Terry Frost he misses particularly, and he laughs remembering what he calls the ‘dream language’ of his paintings, and the time Frost accused him of poisoning his Thai fish soup. Bob Motherwell, too – ‘A romantic legend. A terrific example of how to be an artist.’ When I ask why, his answer surprises me. ‘Because he was the most all-round cultured person I’ve known. Music, history, literature, politics – he could cross-reference them all.’

The all-round culturedness does not preclude grand boozing reminiscences, such as Motherwell’s being ordered to give up drinking the very day he took possession of a cache of precious wine as his payment for designing, like Dali and Miró before him, a new label for Rothschild. Fortunately, Hoyland just happened to be in New York at the time to polish off the plonk for him.

But it’s Patrick Caulfield, once the leading figure of British Pop Art, whose loss he feels most keenly. ‘I saw Patrick almost every day,’ he muses. ‘We had lunch together three times a week.’ He mimics Caulfield’s cut-glass accent, acquired when he was a student at Chelsea because he thought the upper-class girls he encountered there would prefer that to the leaden music of his native Bolton. ‘Big mistake,’ we laugh together. But then we are born northern men who still sound like northern men.

‘You’ve got working-class feet,’ he told Caulfield once, noting that his big toe was bent as a consequence, presumably, of going without good shoes. ‘That’s because I am working class,’ Caulfield answered. ‘Did you have a car, did your father have a job? Well, we had nothing. That’s why I have a right to be a snob.’

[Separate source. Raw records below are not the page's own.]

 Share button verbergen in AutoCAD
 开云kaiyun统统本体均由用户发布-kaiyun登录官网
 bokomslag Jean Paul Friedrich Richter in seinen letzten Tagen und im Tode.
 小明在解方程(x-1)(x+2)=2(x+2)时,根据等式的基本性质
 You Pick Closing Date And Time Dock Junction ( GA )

When Caulfield died after a long illness last year, Hoyland delivered an address at the funeral, some of which, in a determinedly robust voice, he reads to me: ‘Patrick did not attach himself to movements or theories and had no interest in politics. He could not understand why anyone else should… He continued to explore the idiosyncrasies of his inner mind until the end, which was all he needed to sustain his growth.’ We both know who he is really talking about.

He is not maudlin – even when he delivers phrases such as ‘until the end’ he is not maudlin – and it would be a brave man who dared to find any of the sweets of sorrow either in his person or his dynamic life-committed canvases. But I notice shapes or presences in his recent work – ‘intimations or other-dimensional space’ might be a way of describing them – that were not, I think, there before, or at least not there with the insistence with which they recur today. And, to my eye at least, those shapes or densities pulse with emotions to which I am not sure I can satisfactorily give a name, but ‘tragic’ is a start.

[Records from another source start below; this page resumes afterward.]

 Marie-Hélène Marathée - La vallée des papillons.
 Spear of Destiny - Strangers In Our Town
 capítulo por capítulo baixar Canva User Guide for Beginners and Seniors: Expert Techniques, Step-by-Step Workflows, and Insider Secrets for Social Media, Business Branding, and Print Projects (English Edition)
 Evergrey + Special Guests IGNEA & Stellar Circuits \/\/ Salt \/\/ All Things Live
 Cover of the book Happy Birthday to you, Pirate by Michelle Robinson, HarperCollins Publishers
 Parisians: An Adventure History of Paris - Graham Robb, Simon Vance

Are they moons, suns, craters, or just space disappearing into itself? There are circles aplenty in these new paintings, involutions of richly-applied colour that call to mind Van Gogh’s Catherine-wheel stars, themselves invoked in Night Sky – Hoyland’s homage to Vincent – as icy fireballs of pure white, like damage to the mind. A blue circle in a halo of red hangs where a moon should in Lone Dance. Ring of Fire does what it says, one Cyclopean eye, redder-ringed than a drunk’s, commanding a field of green which doesn’t look as though it’s going to last long.

But the eye in Kingdom shrinks towards its own centre, a green deepening to black. In other paintings, such as Rio Crystal, the heart of the painting becomes a void, engulfing itself in silence, defying the fizzing squibs and fiery atoms to come anywhere near. And the deep blue space in Night Sky appears to be heading our way, getting larger.

However you read these, whether as vortices suggesting the beginning of things, the nothingness out of which something came, or as the end, the nothingness to which we have no choice but to return, the sense of some abiding grandeur, a quiet at the heart of creation notwithstanding all the fireworks of paint, is unmistakable. What’s extraordinary is how dynamic even in their reflectiveness these paintings are. If Hoyland is heading for a late phase, it won’t be one of philosophical surrender.

As we’re talking – though I haven’t had the courage to talk to him about a ‘late phase’ – Hoyland’s friend the painter Martin Fuller turns up to join us for lunch. Seeing the new work, he shakes his head in mock-grudging admiration. ‘Full of bloody life, you old bugger!’ he says.

Which is, I think, the final, heroical word on Hoyland.